Custa-me respirar, custa me mover, custa-me virar os olhos e enxergar o Cristo.
Antes procurado, o silêncio agora é inoportuna companhia, a repetir-me numa onda de dores: velho...velho...velho...
O que será quando o Silêncio calar o silêncio e eu não mais em dores ouvir: velho...velho...velho...?
Custa-me.
Custa-me fazer meus braços serem braços, meus dedos serem dedos, fazer minha cabeça aninhar-se no travesseiro como a cabeça de quem repousa – o repouso que minha cabeça, que o meu corpo buscam, esse eu ainda não quero.
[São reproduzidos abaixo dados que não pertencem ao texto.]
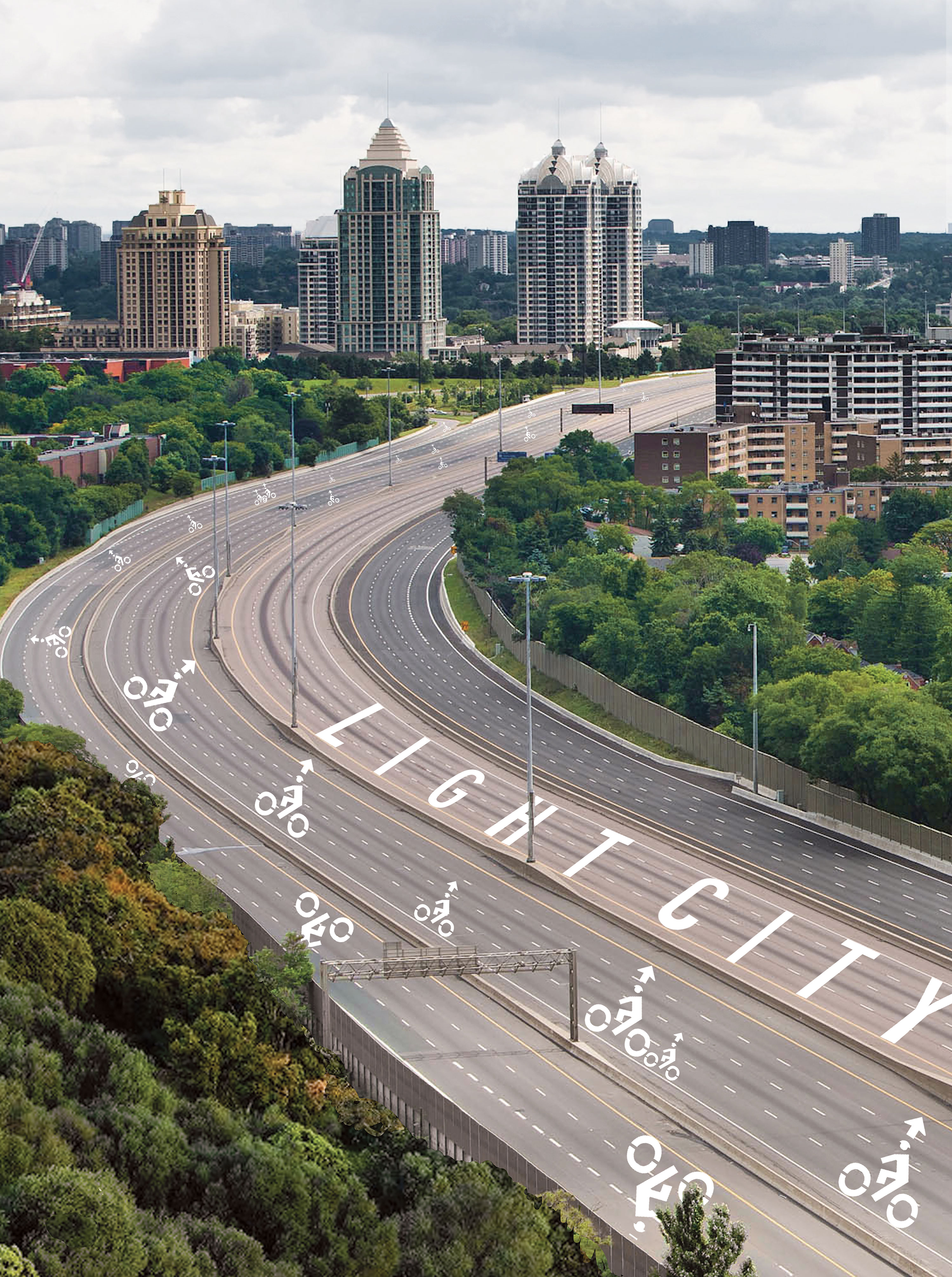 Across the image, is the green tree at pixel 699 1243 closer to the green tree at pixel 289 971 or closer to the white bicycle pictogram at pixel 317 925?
the green tree at pixel 289 971

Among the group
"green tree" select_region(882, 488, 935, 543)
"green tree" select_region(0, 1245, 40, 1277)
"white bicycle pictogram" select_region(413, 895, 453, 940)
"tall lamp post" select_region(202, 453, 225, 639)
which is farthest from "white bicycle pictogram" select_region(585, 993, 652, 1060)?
"green tree" select_region(882, 488, 935, 543)

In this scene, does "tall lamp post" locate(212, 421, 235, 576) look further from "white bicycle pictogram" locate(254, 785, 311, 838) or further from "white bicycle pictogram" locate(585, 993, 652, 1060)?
"white bicycle pictogram" locate(585, 993, 652, 1060)

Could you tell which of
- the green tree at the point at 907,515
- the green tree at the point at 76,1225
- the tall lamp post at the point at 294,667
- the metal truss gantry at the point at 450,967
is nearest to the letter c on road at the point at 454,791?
the tall lamp post at the point at 294,667

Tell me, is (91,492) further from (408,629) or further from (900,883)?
(900,883)

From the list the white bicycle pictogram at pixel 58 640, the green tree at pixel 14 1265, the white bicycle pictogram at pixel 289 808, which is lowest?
the white bicycle pictogram at pixel 289 808

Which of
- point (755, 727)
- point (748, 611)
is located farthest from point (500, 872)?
point (748, 611)

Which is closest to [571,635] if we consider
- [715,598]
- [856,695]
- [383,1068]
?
[715,598] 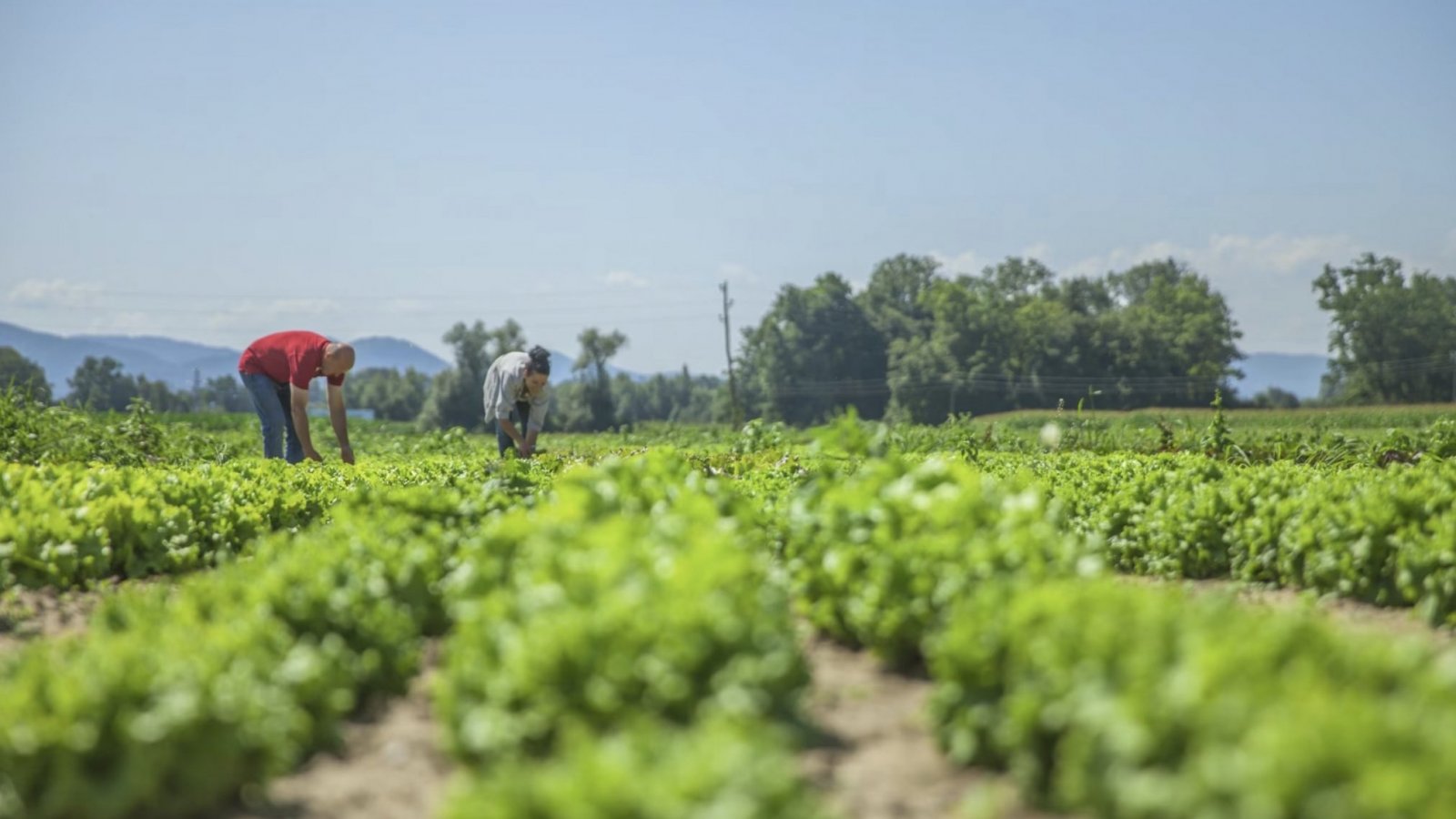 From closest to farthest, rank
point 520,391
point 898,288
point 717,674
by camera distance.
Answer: point 717,674 < point 520,391 < point 898,288

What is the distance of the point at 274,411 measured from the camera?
39.1 ft

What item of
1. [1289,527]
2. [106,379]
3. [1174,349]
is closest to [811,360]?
[1174,349]

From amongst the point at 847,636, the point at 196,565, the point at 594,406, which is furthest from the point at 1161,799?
the point at 594,406

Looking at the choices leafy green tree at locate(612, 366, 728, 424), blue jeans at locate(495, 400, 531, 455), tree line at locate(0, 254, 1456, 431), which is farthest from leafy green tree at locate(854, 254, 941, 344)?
blue jeans at locate(495, 400, 531, 455)

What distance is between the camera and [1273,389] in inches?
4483

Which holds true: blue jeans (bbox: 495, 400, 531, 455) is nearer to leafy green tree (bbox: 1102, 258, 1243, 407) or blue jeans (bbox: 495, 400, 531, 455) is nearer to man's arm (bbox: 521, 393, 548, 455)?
man's arm (bbox: 521, 393, 548, 455)

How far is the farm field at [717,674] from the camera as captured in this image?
8.95 ft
Custa-me olhar o Cristo e vê-lo de fronte pendida, a me fitar pregado sem cruz no calvário de um monte de lençóis.
Estou atracado ao meu leito, confinado ao horizonte da cabeceira de minha cama, à deriva nas dores.
Um alarme dispara na vizinhança, e me oprime a sensação de ser a chegada de um socorro que me parece injusto – apesar de querê-lo, não sinto razão para que ele venha.
O que será quando o som de uma sirene for apenas o grito entrecortado de auxílio, a asfixiar-se lentamente em meus ouvidos?
O que será quando de meu horizonte se desvanecer o Cristo pregado sobre meu leito?
Entra minha mulher, pergunta-me como estou, passa-me a mão velha na cabeça, deixa-me na testa um beijo seco, um trêmulo afago de velha em meu rosto velho, sussurra-me uma indecisão qualquer à guisa de dizer algo. Antes de sair, pesada e vacilante, dá-me a escolher entre a luz acesa ou apagada: qual prefere?
Balbucio qualquer coisa cansada, com o desejo de dizer: prefiro, acesa ou apagada, a luz que me faça ver melhor.